Let Your Data Be Your Guide
When a sprint is over, you know if it was successful. You can look at the backlog and see what is done and what's not done. The team can look at their velocity to determine the next sprint’s capacity, and there are several reliable ways to forecast with the sprint data.
An agile assessment model gives you the same level of awareness for your agile transformation. You just have to make sure you're working from good data.
User Comments
Thank you Joel for your kind words about my list of Self-Assessment checklist and tools. Much appreciated!
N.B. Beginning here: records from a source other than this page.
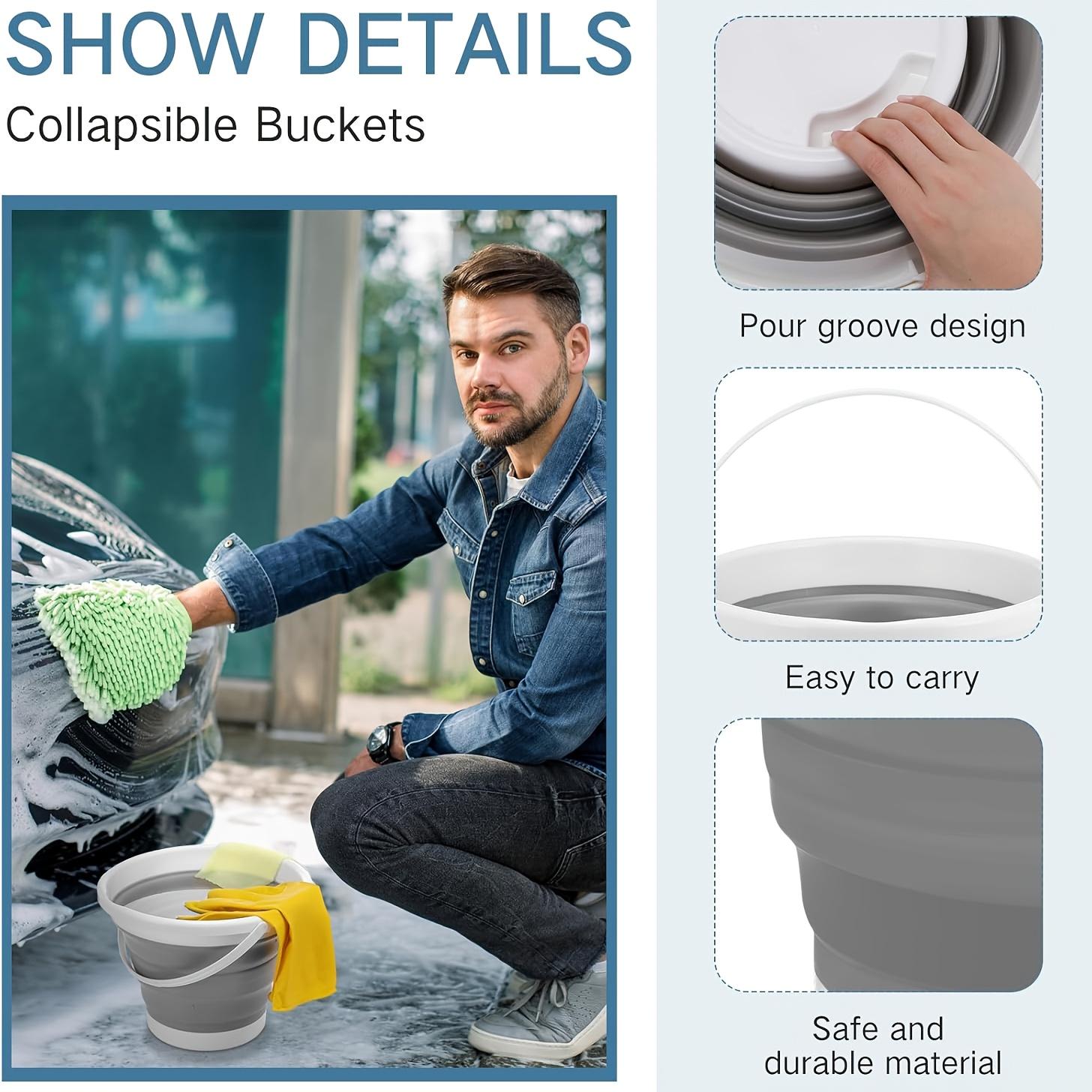 [Collapsible Bucket with Handle] Durable Collapsible Bucket with Handle | Portable Foldable Large Plastic Mop Bucket for Outdoor Camping, Car Washing, Fishing, Kitchen & Bathroom Cleaning - Space-Saving Design, Convenient Carrying, Flexible Storage,summer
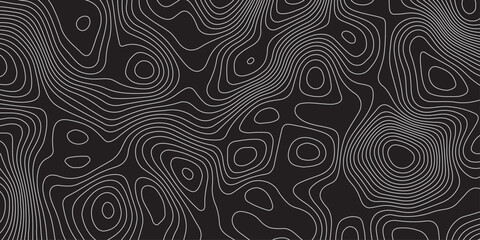 Abstract topographic contour line background in black and gray, modern minimalistic pattern design, wavy geographic curves, elevation map style illustration for wallpaper, texture, or graphic use.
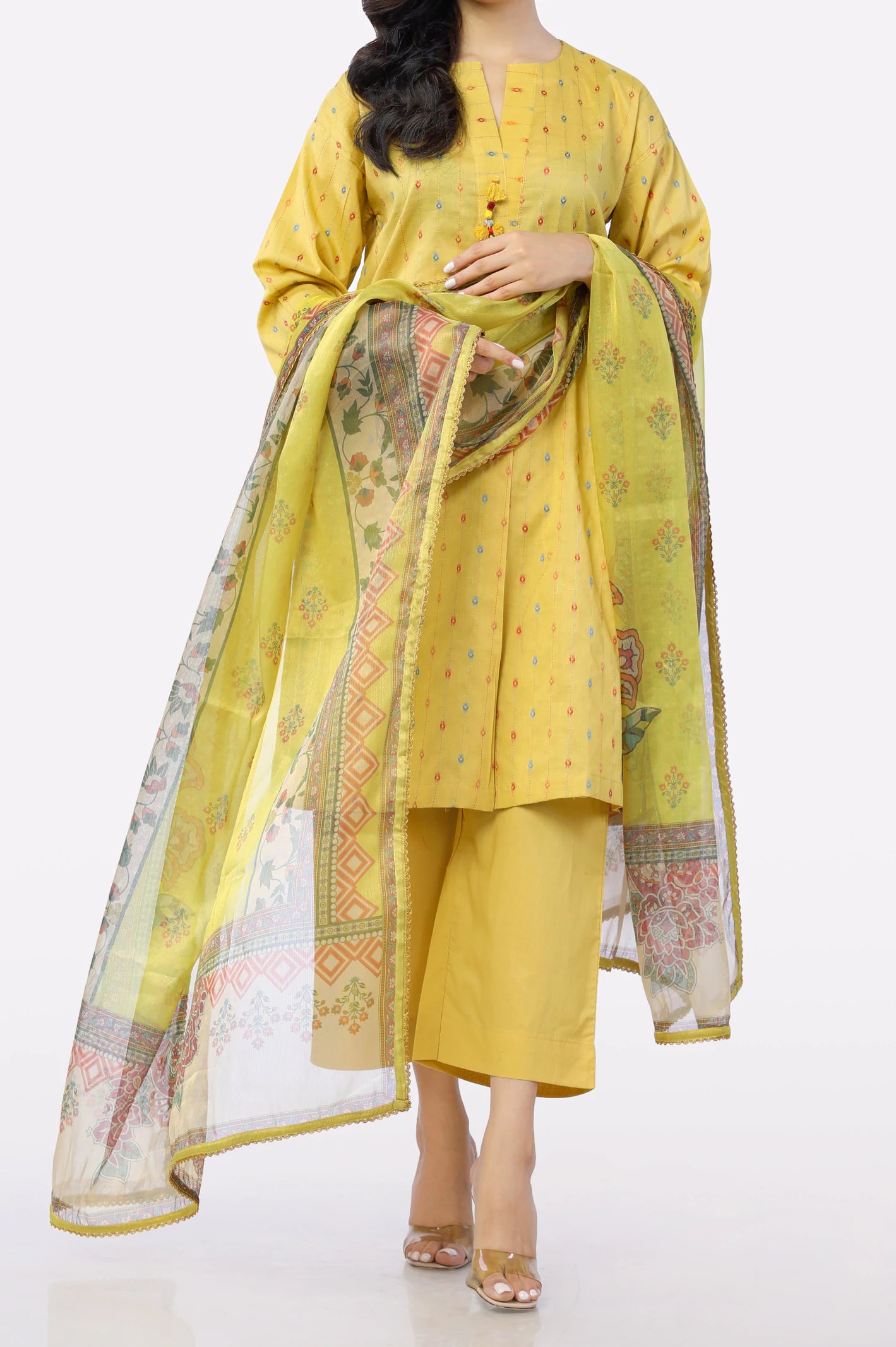 Lime Printed Dupatta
I like that the author advocates for four general outcome-oriented categories, instead of a list of practices. Practice lists are deeply flawed for assessment because practices are very dependenet on the situation, and also some "non-Agile" practices sometimes make sense for the situation - and practices evolve over time - practices that were seen as "Agile" are now in question (e.g., team rooms).
The one nitpick I would make is that the assessment items, "Ability to deliver a working, tested product", needs to include something about speed. After all, Agile is about agility, which implies speed: a glacier is not very agile. Indeed, the importace of automation is often overlooked, yet as Ron Jeffries has said, you cannot really have an Agile team that does not use automated testing. Agile is more than just a set of behavioral paradigms: it is also about speed and flexibility.